Familiarity breeds success.
That, in a nutshell, sums up a recent survey of consumers' tire buying habits by Advo Inc., a Chicago-based company that claims to be the nation's largest full-service targeted direct mail marketing services company. Tire dealers likely will recognize the company as the distributor of the ShopWise weekly coupon shopper.
More than half (57 percent) of consumers responding to Advo's survey said they chose the outlet where they bought tires because they had dealt with the store before; 30 percent said they were referred to the store. And once customers enter a store, they make their purchase at the first store they visit 62 percent of the time.
A customer's experience can be damning to a business, if it's a bad one; 97 percent of those responding to Advo's survey said they tell others about a bad shopping experience.
Along the same lines, only 29 percent of survey respondents said they were ``extremely pleased'' with the store they chose, although 84 percent said they were satisfied and would likely shop there again.
Survey results were based on 294 responses, spread out geographically across the U.S.; 57 percent of the respondents were female.
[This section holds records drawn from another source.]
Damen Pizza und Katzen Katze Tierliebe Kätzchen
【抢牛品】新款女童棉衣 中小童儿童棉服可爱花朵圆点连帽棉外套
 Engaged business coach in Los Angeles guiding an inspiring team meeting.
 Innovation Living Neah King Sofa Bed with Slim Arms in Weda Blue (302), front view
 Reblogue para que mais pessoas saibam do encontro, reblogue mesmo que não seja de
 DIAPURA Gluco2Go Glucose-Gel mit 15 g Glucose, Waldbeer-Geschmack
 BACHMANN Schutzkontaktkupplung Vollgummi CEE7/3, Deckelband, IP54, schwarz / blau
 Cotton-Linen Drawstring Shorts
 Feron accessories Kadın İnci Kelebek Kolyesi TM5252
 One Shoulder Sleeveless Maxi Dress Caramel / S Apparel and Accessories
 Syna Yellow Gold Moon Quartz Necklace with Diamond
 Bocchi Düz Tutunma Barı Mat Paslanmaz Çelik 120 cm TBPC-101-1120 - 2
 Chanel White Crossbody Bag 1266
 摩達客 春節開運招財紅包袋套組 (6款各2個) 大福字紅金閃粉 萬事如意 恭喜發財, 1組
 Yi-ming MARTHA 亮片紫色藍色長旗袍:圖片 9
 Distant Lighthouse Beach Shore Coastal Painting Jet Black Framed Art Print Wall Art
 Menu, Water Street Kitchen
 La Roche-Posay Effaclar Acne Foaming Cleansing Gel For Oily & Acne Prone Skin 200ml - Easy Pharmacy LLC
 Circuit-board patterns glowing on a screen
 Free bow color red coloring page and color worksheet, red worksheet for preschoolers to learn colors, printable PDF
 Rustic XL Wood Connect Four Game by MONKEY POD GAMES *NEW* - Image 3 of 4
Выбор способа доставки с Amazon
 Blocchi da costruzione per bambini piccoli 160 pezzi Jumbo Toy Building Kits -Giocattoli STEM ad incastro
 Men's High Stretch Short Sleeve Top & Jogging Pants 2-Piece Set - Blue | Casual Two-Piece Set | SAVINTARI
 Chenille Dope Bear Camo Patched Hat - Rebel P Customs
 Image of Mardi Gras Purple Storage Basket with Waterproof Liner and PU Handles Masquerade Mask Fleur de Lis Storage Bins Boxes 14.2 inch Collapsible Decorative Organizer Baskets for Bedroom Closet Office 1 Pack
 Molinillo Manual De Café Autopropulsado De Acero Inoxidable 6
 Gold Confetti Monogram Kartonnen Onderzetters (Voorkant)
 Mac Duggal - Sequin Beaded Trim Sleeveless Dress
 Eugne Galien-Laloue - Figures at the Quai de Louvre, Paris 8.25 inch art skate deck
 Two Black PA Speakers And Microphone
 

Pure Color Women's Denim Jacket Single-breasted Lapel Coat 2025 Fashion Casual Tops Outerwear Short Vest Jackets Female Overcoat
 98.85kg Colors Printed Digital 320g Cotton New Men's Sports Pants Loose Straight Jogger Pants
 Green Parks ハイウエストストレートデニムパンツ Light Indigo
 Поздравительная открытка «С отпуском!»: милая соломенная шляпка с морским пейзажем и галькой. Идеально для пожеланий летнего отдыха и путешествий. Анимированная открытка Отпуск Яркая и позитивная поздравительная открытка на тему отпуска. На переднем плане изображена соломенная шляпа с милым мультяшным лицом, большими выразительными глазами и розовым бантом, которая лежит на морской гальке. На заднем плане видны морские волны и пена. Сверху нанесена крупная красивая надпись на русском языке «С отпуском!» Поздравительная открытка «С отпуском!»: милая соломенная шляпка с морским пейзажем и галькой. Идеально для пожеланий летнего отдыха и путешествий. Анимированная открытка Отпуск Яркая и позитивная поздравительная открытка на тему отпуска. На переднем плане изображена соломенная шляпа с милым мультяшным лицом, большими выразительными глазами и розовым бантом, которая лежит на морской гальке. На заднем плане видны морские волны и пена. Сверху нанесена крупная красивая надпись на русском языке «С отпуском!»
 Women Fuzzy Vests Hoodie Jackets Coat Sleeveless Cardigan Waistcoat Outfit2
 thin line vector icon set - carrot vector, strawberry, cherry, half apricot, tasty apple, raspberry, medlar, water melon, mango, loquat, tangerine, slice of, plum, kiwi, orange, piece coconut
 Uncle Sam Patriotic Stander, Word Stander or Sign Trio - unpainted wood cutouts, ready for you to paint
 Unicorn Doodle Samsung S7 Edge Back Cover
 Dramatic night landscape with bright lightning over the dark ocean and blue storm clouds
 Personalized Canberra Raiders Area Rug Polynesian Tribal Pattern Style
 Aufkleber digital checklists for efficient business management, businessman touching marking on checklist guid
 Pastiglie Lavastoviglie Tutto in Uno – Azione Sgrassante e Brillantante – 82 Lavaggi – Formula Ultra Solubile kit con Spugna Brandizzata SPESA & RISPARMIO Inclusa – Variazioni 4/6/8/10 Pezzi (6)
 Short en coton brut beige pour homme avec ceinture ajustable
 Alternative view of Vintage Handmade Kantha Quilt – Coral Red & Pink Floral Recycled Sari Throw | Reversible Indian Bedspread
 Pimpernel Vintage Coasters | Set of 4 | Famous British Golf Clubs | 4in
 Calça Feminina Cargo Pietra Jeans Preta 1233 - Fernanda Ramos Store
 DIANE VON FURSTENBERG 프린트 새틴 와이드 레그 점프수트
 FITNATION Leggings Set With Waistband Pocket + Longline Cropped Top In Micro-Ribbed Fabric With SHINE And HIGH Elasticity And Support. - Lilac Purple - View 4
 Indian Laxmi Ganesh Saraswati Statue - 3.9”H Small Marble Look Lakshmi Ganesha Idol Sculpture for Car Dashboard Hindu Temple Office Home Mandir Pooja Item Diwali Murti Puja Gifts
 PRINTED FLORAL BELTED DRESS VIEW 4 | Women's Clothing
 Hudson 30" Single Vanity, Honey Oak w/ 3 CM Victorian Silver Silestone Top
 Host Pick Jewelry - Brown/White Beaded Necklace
How much do tire dealers depend on repeat business? Apparently not too much, if the Advo numbers are to be believed: Fewer than a third of the respondents said the store where they shopped contacted them to ask about their satisfaction with the store or the service provided.
Interesting to note: Only 11 percent of those surveyed said they chose a store because of advertising. At the same time, though, nearly three-fourths of those responding said they ``usually buy brands that are on sale or have coupons and special offers'' or ``tend to plan (their) shopping based on coupons and special offers.''
Tire dealers need to do more to distinguish themselves from the competition, Advo suggests. The company cited a survey response that shows 60 percent of tire-buying consumers view auto service establishments as ``all about the same,'' although respondents did seem to view local independently owned businesses at least ``somewhat'' different than the norm.
The survey also underscores the importance of counter personnel. Nearly half (47 percent) of the buyers surveyed said they made their purchase decision in one day, with an additional 36 percent saying they took between two days and a week.
Also, 57 percent of purchases were unplanned, caused by an emergency, vs. only 27 percent who had planned their tire purchases for up to three months. Why did buyers make purchases when they did?- 44 percent said they were replacing worn tires and 28 percent said they had to replace a damaged tire or tires.
As for the purchase decision itself, price was the No. 1 criterion, cited by 59 percent of respondents, and brand was No. 2, cited by 47 percent. Thirty-six percent said the tire dealer's recommendation swayed their decision.
Advo's 2001 tire purchase process research study is the firm's first survey of tire buyers, though the company said it has done business with tire industry clients for more than 10 years and points to its track record in other retail fields.
The 294 responses came from 770 surveys mailed to auto service/tire purchasers culled from an initial mailing of 80,000 households. Information pertaining to alignments and other related automotive services will be released later as part of an auto service report, Advo said.
To tap into the detailed information gathered by these surveys, a company has to be a client of Advo. Among Advo's more well-known clients are Goodyear (both company stores and the independent dealer network), Bridgestone/Firestone's MasterCare store network and Michelin North America Inc.'s TCI/T3 program.